For his crime, for his sin, for his violence, I banished Absalom from Jerusalem for more than three years. He had no right to take things into his hands – no right to kill his brother. For three years Absalom was banished from Jerusalem. And when I finally allowed Absalom to return – when I finally extended an olive branch to him, what did he do? He took advantage of my graciousness. He set himself up in Jerusalem, and began to win the favour of the people. He began to gather supporters and warriors around himself. And when the momentum was in his favour, he set himself up as a rival king to myself.

So here I am now. I have escaped from Jerusalem, on very short notice, with my closest advisers and supporters – we have escaped into the wilderness in order to regroup and strategize. In Jerusalem we were vulnerable to Absalom’s attack, and so we wandering in the wilderness – trying to see if there’s any way we can defend my kingship. Here I am in the wilderness – the trappings of glory and power very nearly stripped from me.

A recent incident sticks out in my mind and will give you a sense of how far I have fallen. Surrounded by advisors and soldiers, I was travelling near a place called Behurim. And as we walked along, a man named Shimei appeared on the hillside next to us. And from the hillside he began to throw stones and dirt at me. He shouted out that I was under a curse from God. It wouldn’t surprise me if it were true. It wouldn’t surprise me if I were under some kind of curse from God.
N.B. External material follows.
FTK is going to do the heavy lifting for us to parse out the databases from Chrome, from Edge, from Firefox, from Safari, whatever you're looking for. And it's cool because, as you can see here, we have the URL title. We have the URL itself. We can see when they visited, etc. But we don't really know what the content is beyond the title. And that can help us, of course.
One of the soldiers alongside me wanted to go and kill Shimei for his insults, but I told him not to. Perhaps Shimei speaks God’s word – perhaps God has abandoned me. I certainly know my own brokenness and sin.
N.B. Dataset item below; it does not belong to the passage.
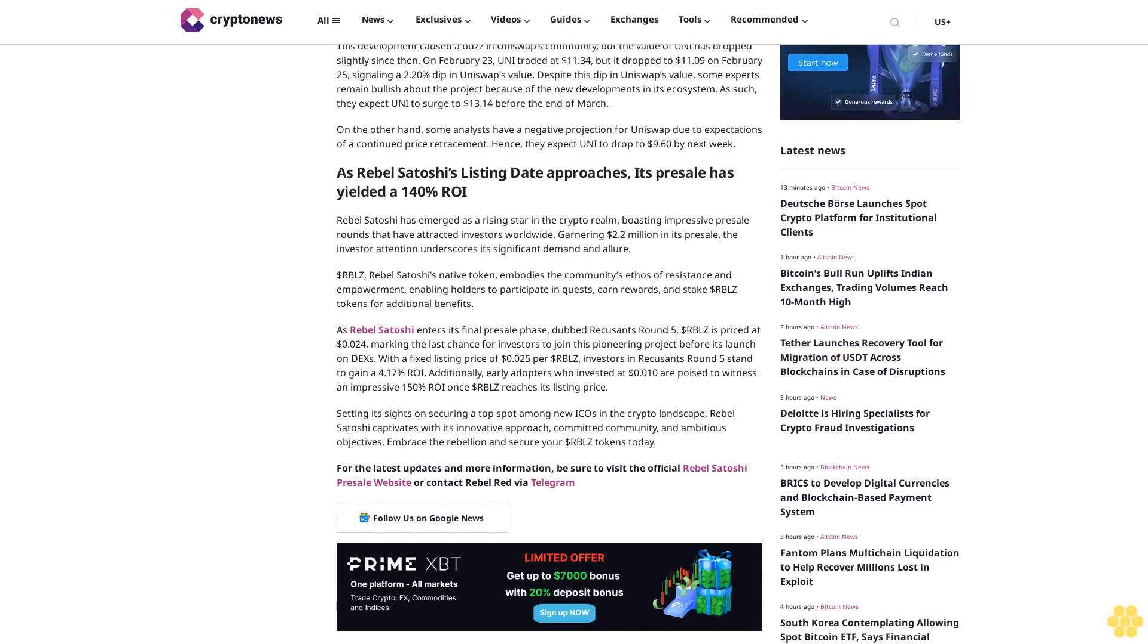Additionally, the proposal suggests enriching the fee mechanism to reward UNI token holders who have delegated and staked their tokens on the platform. This development caused a buzz in Uniswap's community, but the value of UNI has dropped slightly since then. On February 23, UNI traded at $11.34, but it dropped to $11.09 on February 25.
O God, you are my God, I seek you, my soul thirsts for you; my flesh faints for you as in a dry and weary land where there is no water.

You may wonder why God is at the centre of my thoughts in this moment. Is it just a bunch of pious nonsense? Is it just irrelevant religious talk? This is the real world after all – wouldn’t it be better to preoccupy myself with political and military realities in this moment. Shouldn’t I be putting all of my energy and thoughts and effort into the campaign to defeat my upstart son Absalom, rather than offering pious sentiments about my desire for God?
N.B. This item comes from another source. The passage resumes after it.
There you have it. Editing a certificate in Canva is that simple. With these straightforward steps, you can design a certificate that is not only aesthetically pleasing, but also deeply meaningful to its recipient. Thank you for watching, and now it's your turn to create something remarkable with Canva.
Well of course I have not forgotten the political and military questions. In fact, I’m here in the wilderness precisely because I want to retain my throne and to continue ruling from Jerusalem – we’re here to regroup and strategize.

But if that’s all I focus on in this moment – if all I focus on are the political and strategic and military questions – I would feel less than human. If that’s all I focus on, I also won’t be true to myself. You see, I have encountered God. I know in a deeply personal way, in a powerful way, what it is to be touched by the hand of God. So significant have my encounters with God been that I would go so far as to say that knowing God, and knowing God’s love, is more important than life itself. God is love. God is life. God is hope. God is joy. To know God is not something – it is everything.

O God, you are my God, I seek you, my soul thirsts for you; my flesh faints for you as in a dry and weary land where there is no water. Because your steadfast love is better than life, my lips will praise you. I will lift up my hands and call on your name.

I don’t call on God simply because Absalom is trying to kill me. I don’t call on God only because family life has disintegrated around me. I don’t call on God simply because I feel power slipping from my hands. I call on God because my experience of God’s Spirit, my encounters with God, have been more real and more beautiful than anything else I have ever experienced. It may sound meaningless and pious to some – some might wonder how someone as messed up as I am can possibly have encountered God – but I have. And it means more to me than life.

O God, you are my God, I seek you; my soul thirsts for you as in a dry and weary land where there is no water… Because your steadfast love is better than life, my lips will praise you. I will lift up my hands and call on your name.

Now the truth is that I am not utterly alone here in the wilderness. As you’ve heard, I am surrounded by supporters, advisors, and family members. There are people watching out for me. Just a few days ago, when we came to a place called Maha-naim, three local men of social standing came and provided much needed resources for us: Shobison and Machir and Barzillai – they came with beds, basins, and earthen vessels – they came with wheat, barley, meal, parched grain, beans and lentils – they came with honey and curds, with sheep and cheese from the herd. We were all so exhausted and hungry from our wilderness wanderings – we were all so exhausted and hungry, these gifts came to us as almost a miracle.

God has not abandoned me. God’s provision has come to me in the most concrete form – friends come bearing gifts in their arms. You probably know what that’s like. Meat to eat when I was running out of energy. The sweetness of honey to enrich body and soul. Bread – fresh bread when all that had remained were a few stale crusts. It is something remarkable to go to sleep at night with a full belly when you have been so hungry, and when you thought it would be another evening of the strictest rations.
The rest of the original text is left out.